In the ironic-timing department, the Republican-controlled House of Representatives approved some $454 million in cuts to the National Oceanic and Atmospheric Administration. Of those cuts, $126 million would be taken from the budget of the National Weather Service, whose Pacific Tsunami Warning Center issued the tsunami warnings that undoubtedly saved lives on Hawaii and the mainland.
Only a handful of people know what the real impact of the cuts would be; the rest of us only have the predictable warnings of doom from Democrats and the equally predictable assurances from Republicans that the cuts will not affect people's safety but are absolutely essential to reducing the deficit. Neither party can claim such a close relationship to the truth that its statements can be considered trustworthy.
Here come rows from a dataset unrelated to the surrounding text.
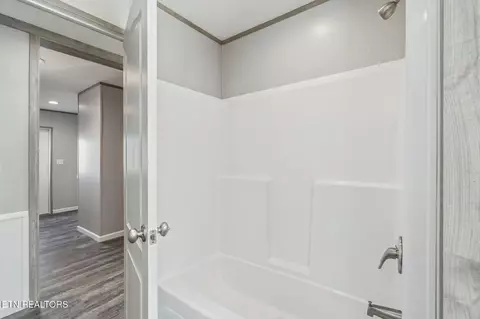 Bath - 324 West Blvd, Oneida, TN 37841 photo 5 of 5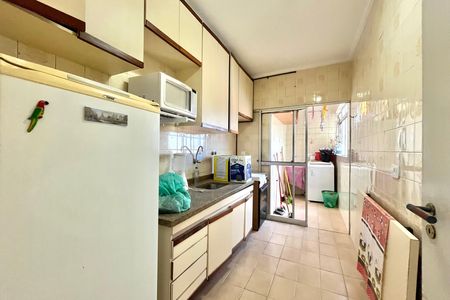 Cozinha de apartamento para alugar com 2 quartos, 65m² em Vila Campestre, São Paulo
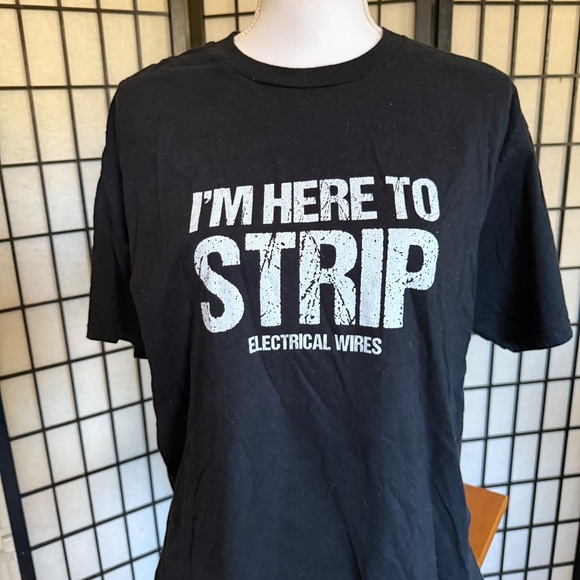 Im Here to strip electrical Wires- Mens Large Electrician Funny Shirt - Picture 2 of 8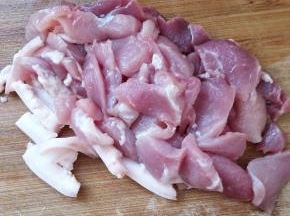 把猪肉切成片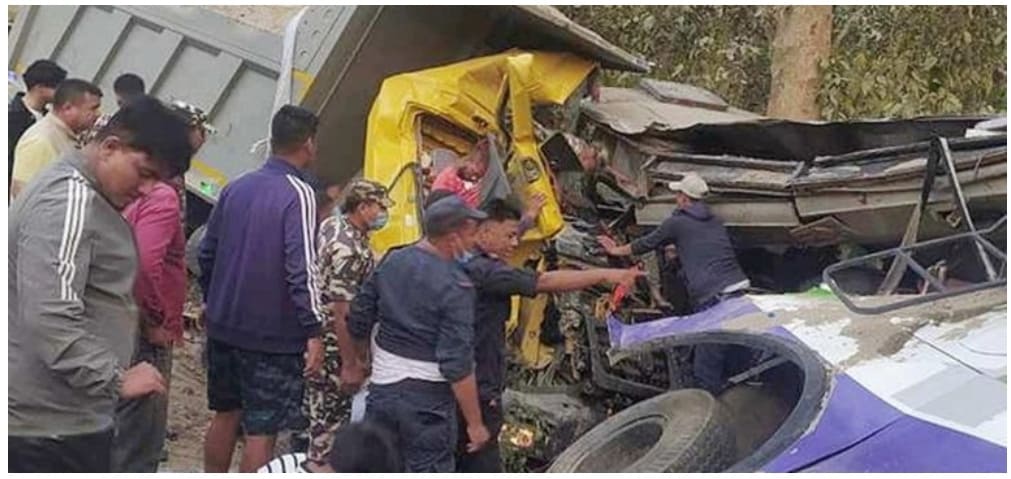 बाँकेमा बस दुर्घटनामा  ५ जनाको मृत्यु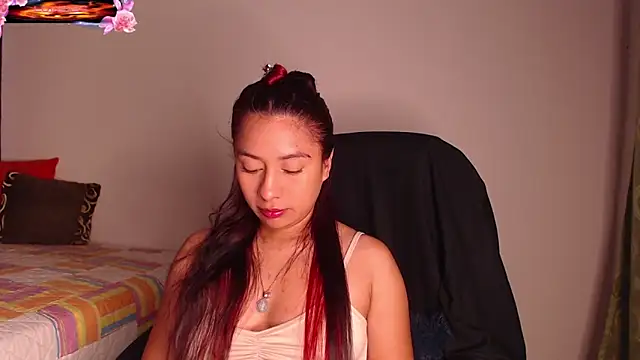 yes0225 online show from October 13, 2025, 3:23 pm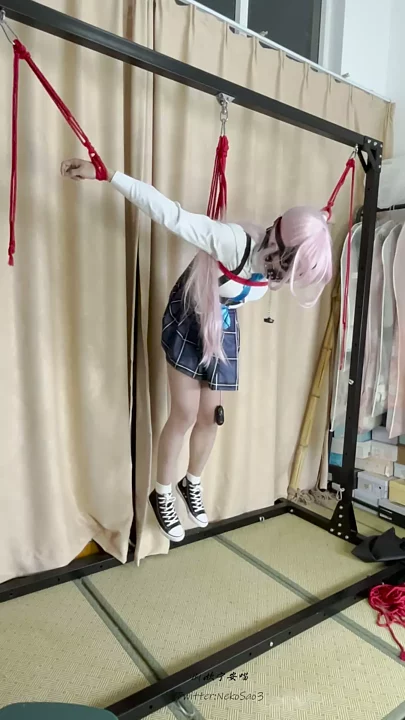 Screenshot 8 from Kotori Yuu Hoshino cosplays large characters hanging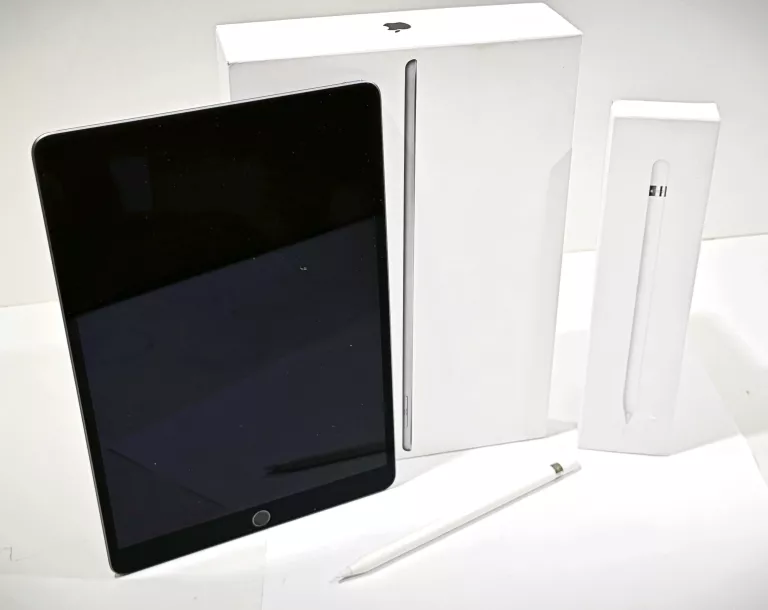 TABLET APPLE IPAD AIR 3 A2152 64GB+ APPLE PENCIL | Urządzenia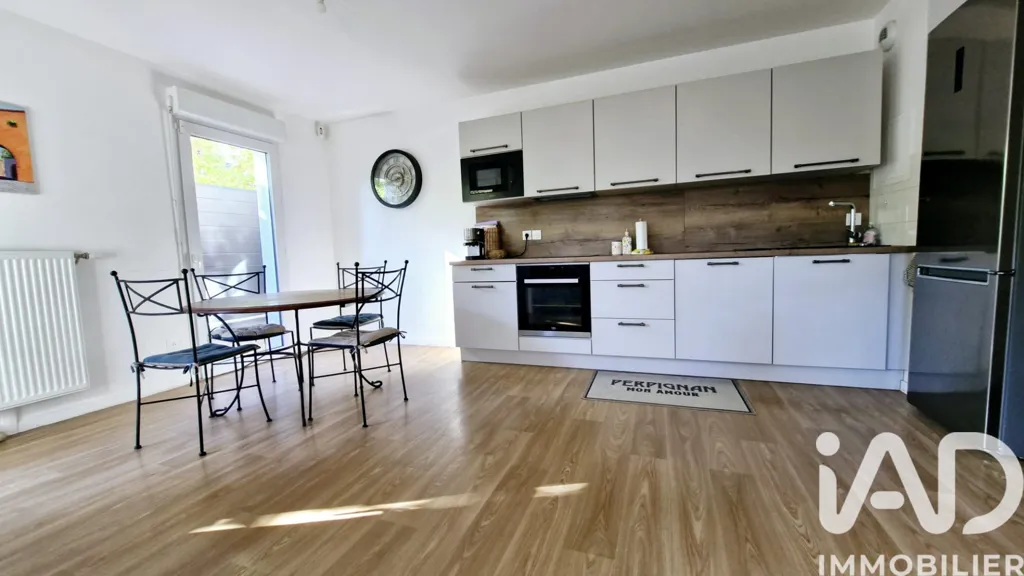 Köök - Garden-Level Apartment with Terrace in Luce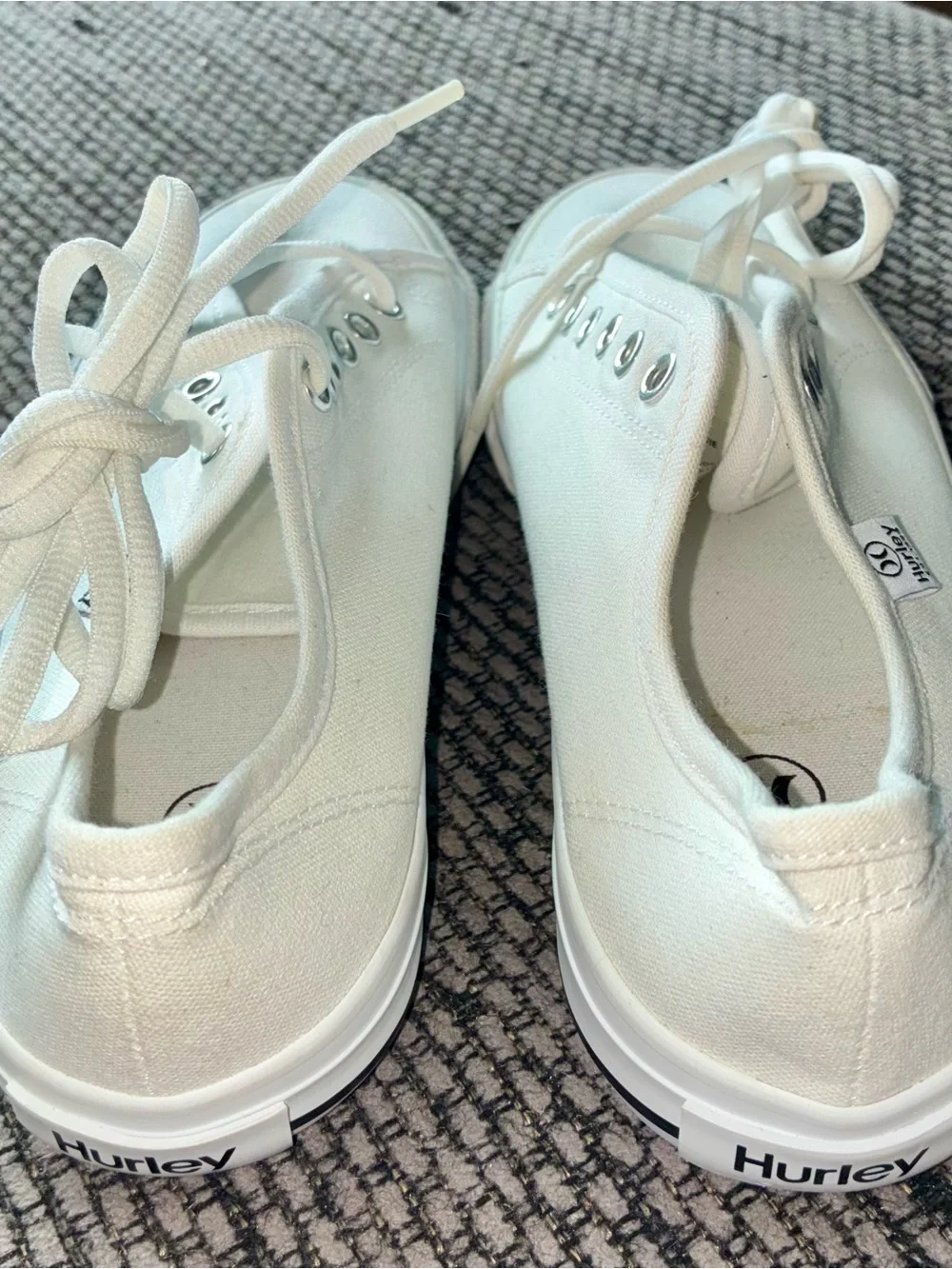 Hurley nwob white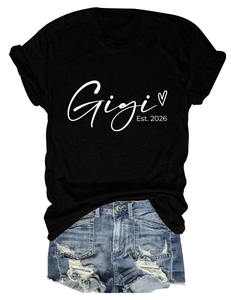 Détail du t-shirt noir Gigi Est. 2026 assorti à un short en jean bleu délavé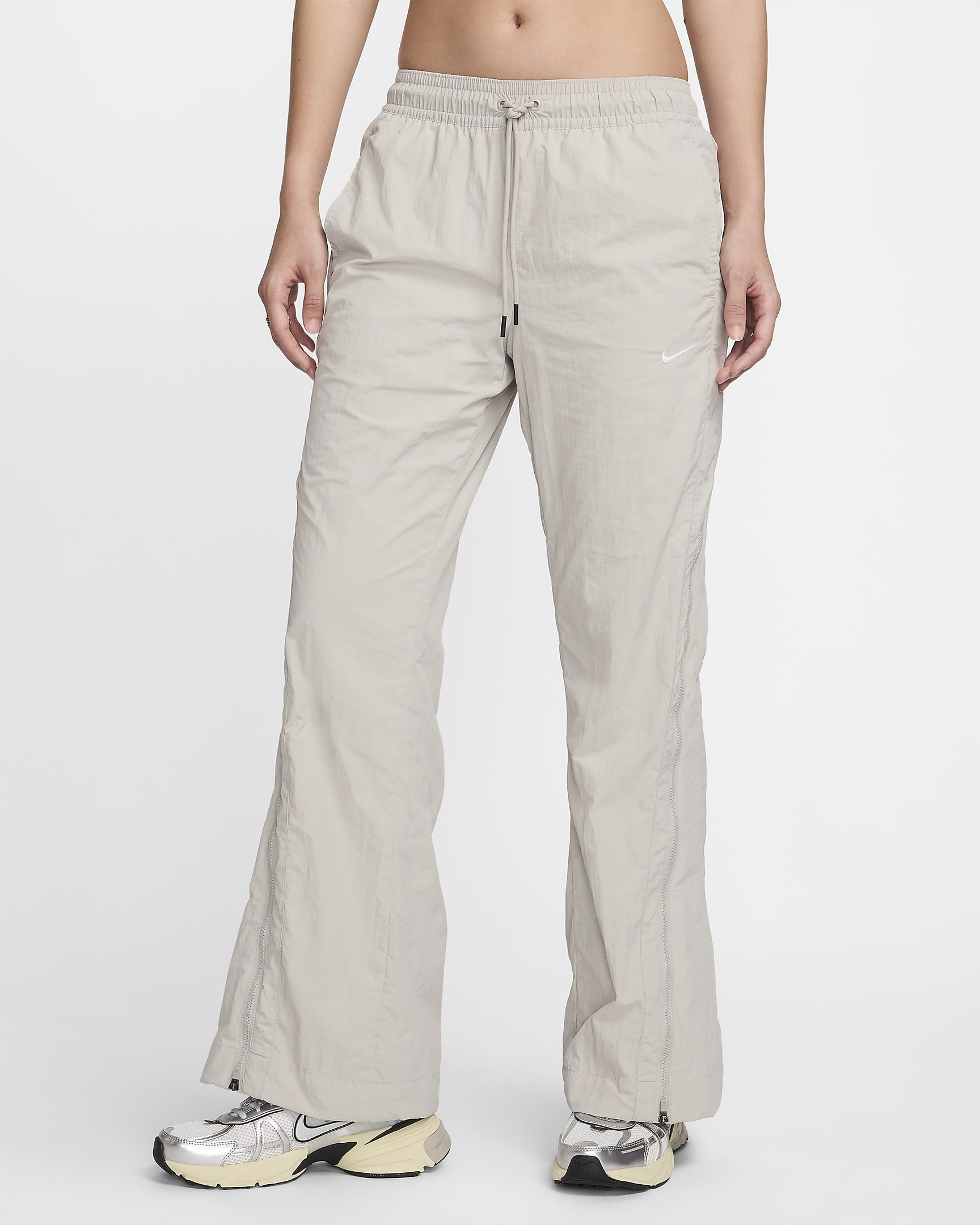 Nike Sportswear Collection Women's Mid-Rise Repel Zip Trousers - Light Iron Ore/White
We'll never know if the warning system that kept so many alive today would have been just as effective with a smaller budget. The problem is that deficit hawks will not step forward to say unambiguously, "Services X, Y, and Z aren't worth paying for, so we're stripping funding for them." Well, that's not entirely true: conservatives have no difficulty being quite upfront about their determination to de-fund public broadcasting and Planned Parenthood. However, that's as far as they'll go in their straight-talking.
Deficit hawks, if you want to show you're credible, you'll cut funding for programs your constituents like, too. And you'll explain to everyone why it's necessary. Otherwise you're just playing the same petty politics in which you accuse your so-called big-government foes of indulging.